» **Try it**: After locating the line that contains "อบรมโครงการ &quot; THINK" in the data below, set down exactly that line and each one after it through the line that contains "家用空调清洗泵多功能空调清洗机全自动洗车便携式刷车泵洗车机", and nothing more.

» **Extracted entries**:
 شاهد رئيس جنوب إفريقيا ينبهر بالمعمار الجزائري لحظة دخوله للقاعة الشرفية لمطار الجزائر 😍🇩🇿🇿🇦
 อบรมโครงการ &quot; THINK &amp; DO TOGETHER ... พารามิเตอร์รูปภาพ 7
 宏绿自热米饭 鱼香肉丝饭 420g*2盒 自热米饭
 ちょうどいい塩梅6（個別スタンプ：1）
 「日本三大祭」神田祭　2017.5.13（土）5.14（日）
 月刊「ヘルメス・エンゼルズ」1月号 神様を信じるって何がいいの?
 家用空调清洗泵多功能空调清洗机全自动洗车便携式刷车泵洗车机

==

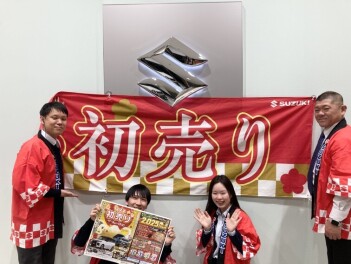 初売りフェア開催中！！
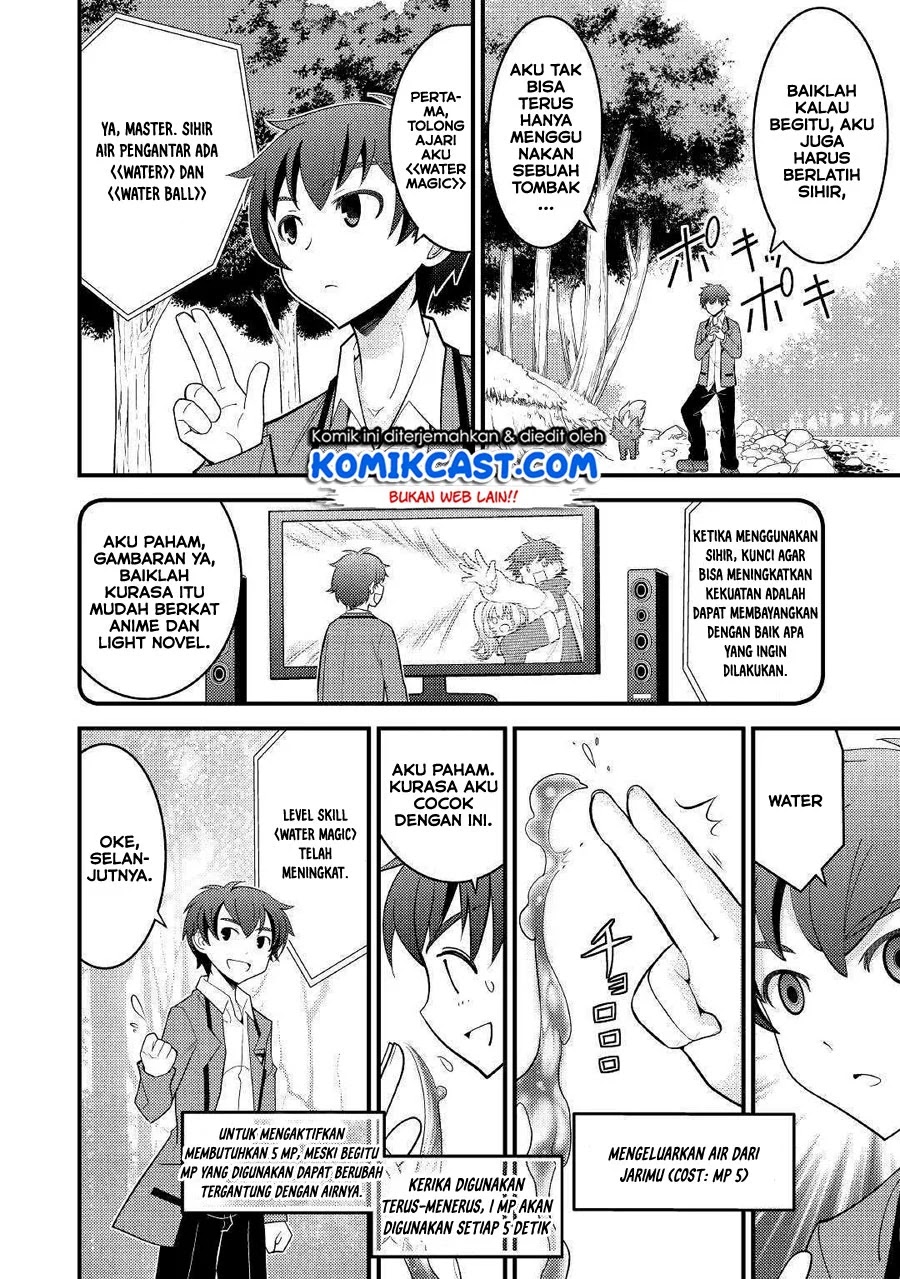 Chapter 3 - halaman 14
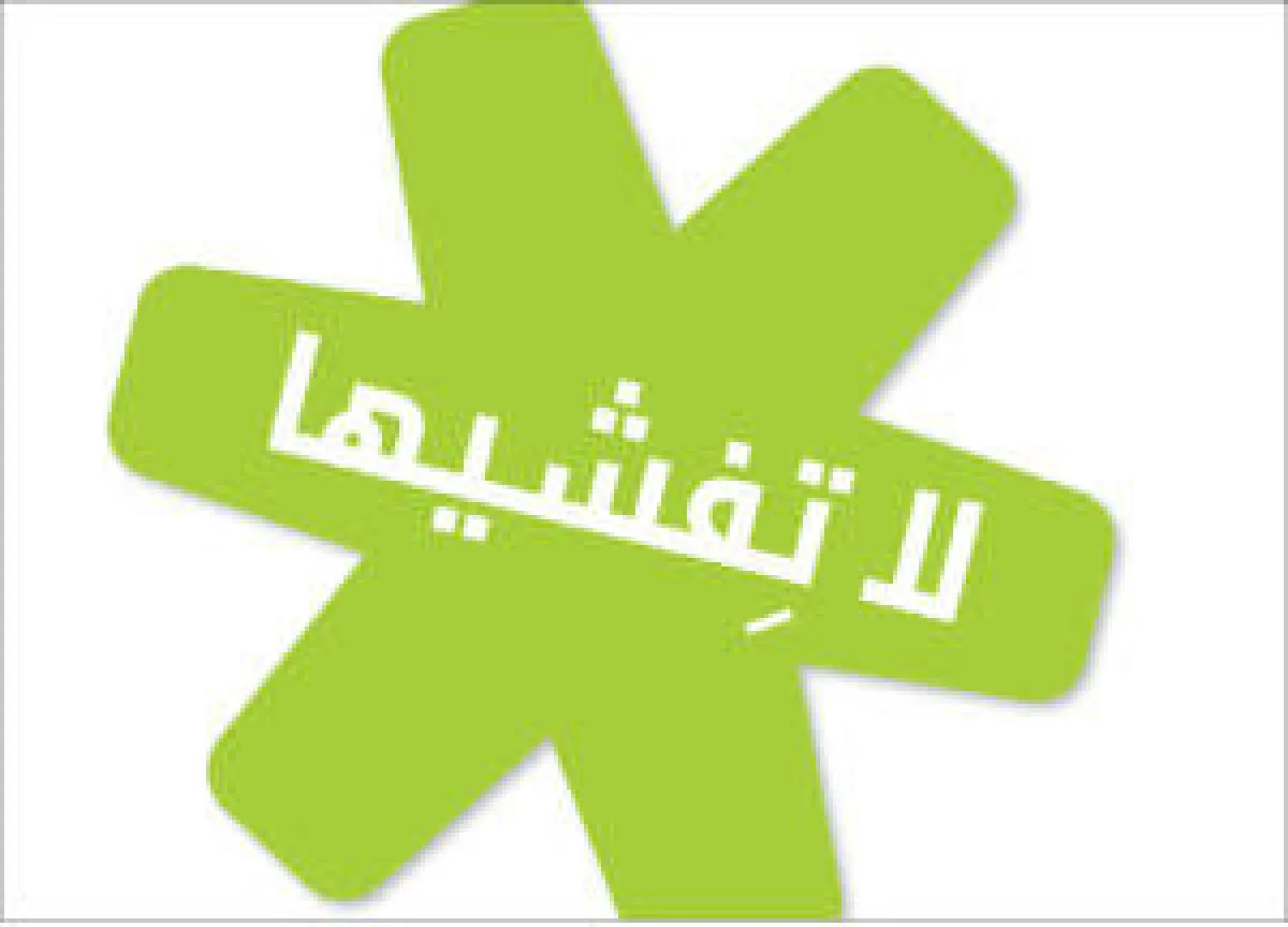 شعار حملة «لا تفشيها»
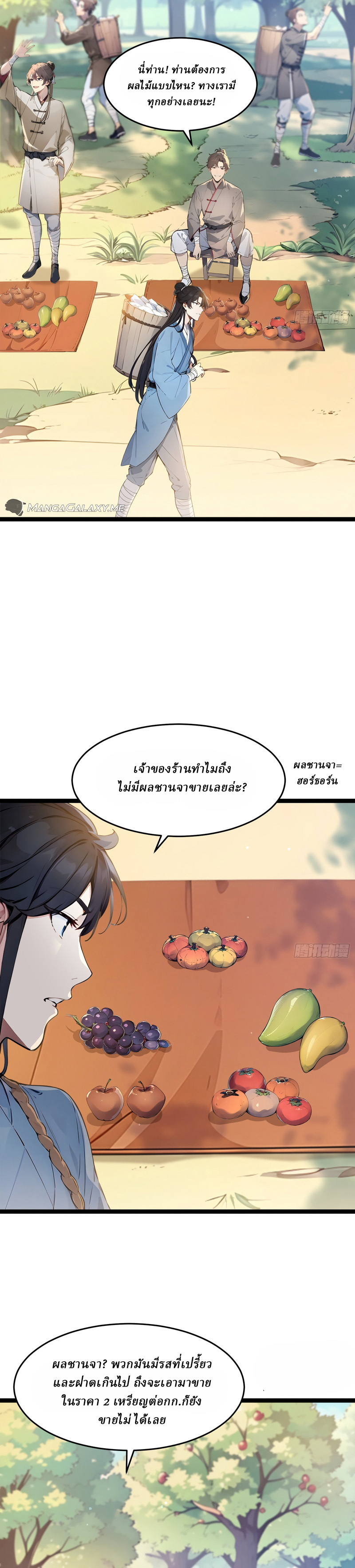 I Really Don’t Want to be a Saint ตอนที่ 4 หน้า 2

» **Completed exercise**:
 อบรมโครงการ &quot; THINK &amp; DO TOGETHER ... พารามิเตอร์รูปภาพ 7
 宏绿自热米饭 鱼香肉丝饭 420g*2盒 自热米饭
 ちょうどいい塩梅6（個別スタンプ：1）
 「日本三大祭」神田祭　2017.5.13（土）5.14（日）
 月刊「ヘルメス・エンゼルズ」1月号 神様を信じるって何がいいの?
 家用空调清洗泵多功能空调清洗机全自动洗车便携式刷车泵洗车机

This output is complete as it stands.